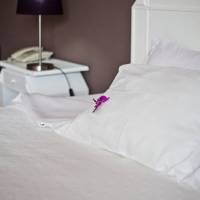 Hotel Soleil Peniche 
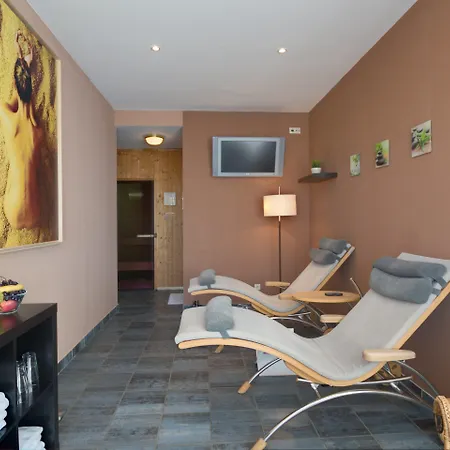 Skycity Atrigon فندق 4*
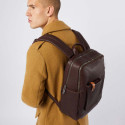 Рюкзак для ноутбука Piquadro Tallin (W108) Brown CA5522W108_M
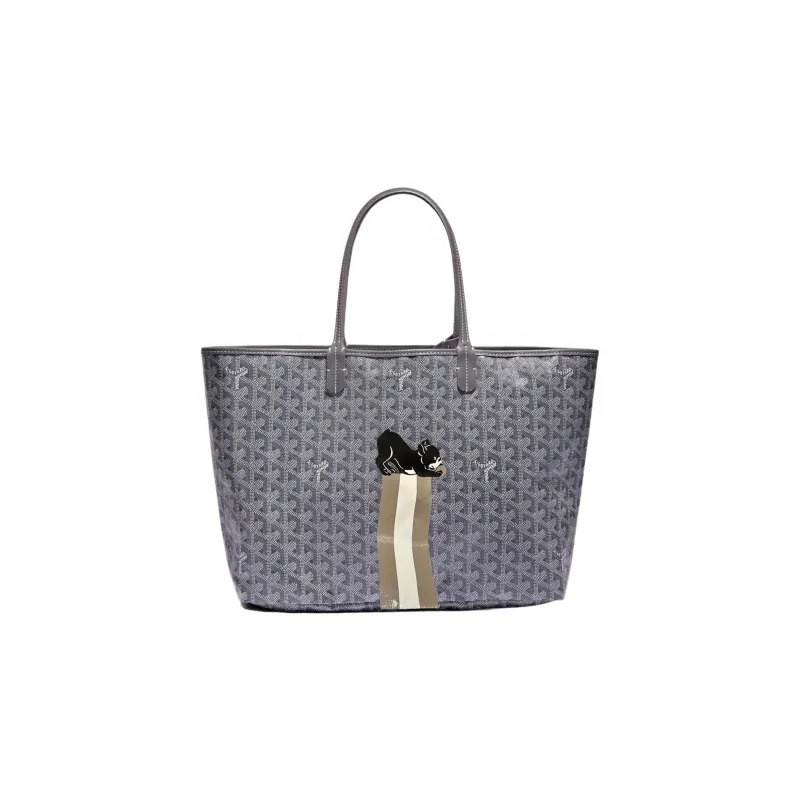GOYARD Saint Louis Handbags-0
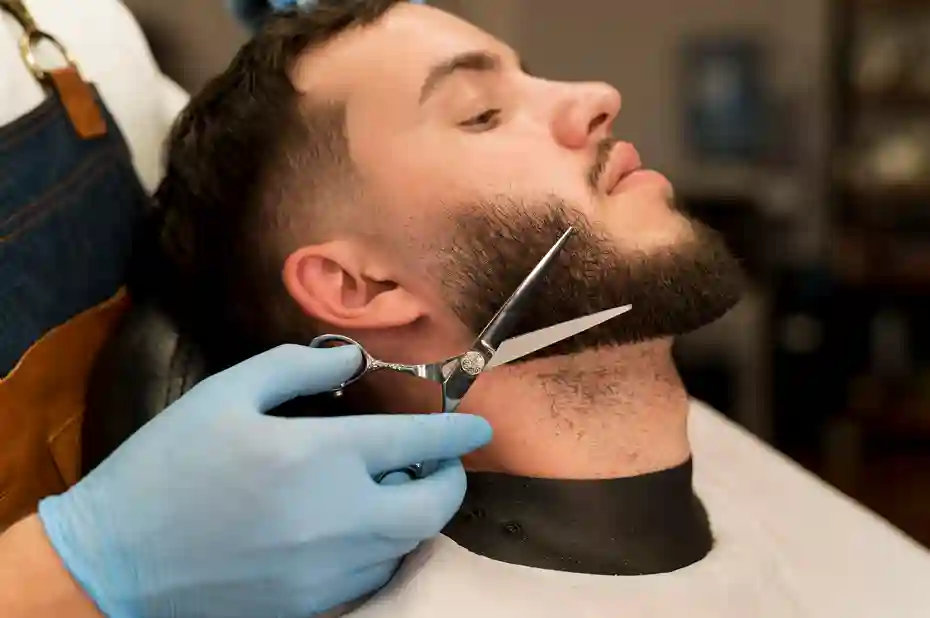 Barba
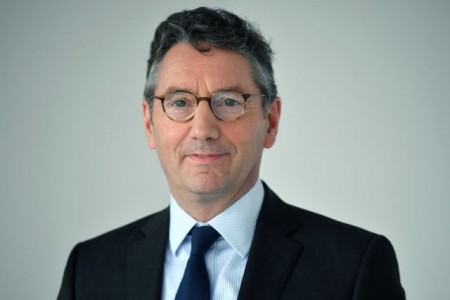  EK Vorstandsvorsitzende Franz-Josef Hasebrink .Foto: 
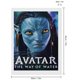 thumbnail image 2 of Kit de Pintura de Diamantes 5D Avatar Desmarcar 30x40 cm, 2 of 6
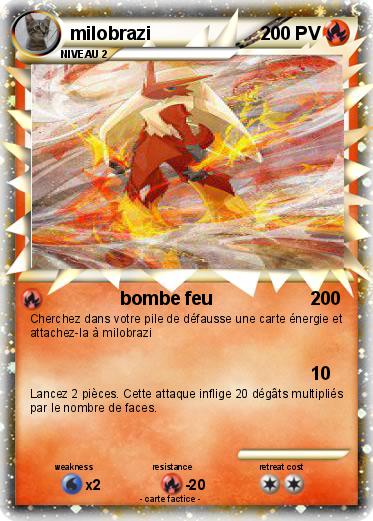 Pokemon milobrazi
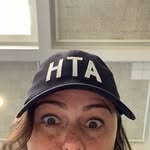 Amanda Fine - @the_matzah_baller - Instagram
^^^^
Exercise aim: Before copying, set the pictures aside; then give the records again exactly.

Answer to this problem:
 Hotel Soleil Peniche 
 Skycity Atrigon فندق 4*
 Рюкзак для ноутбука Piquadro Tallin (W108) Brown CA5522W108_M
GOYARD Saint Louis Handbags-0
 Barba
  EK Vorstandsvorsitzende Franz-Josef Hasebrink .Foto: 
 thumbnail image 2 of Kit de Pintura de Diamantes 5D Avatar Desmarcar 30x40 cm, 2 of 6
 Pokemon milobrazi
 Amanda Fine - @the_matzah_baller - Instagram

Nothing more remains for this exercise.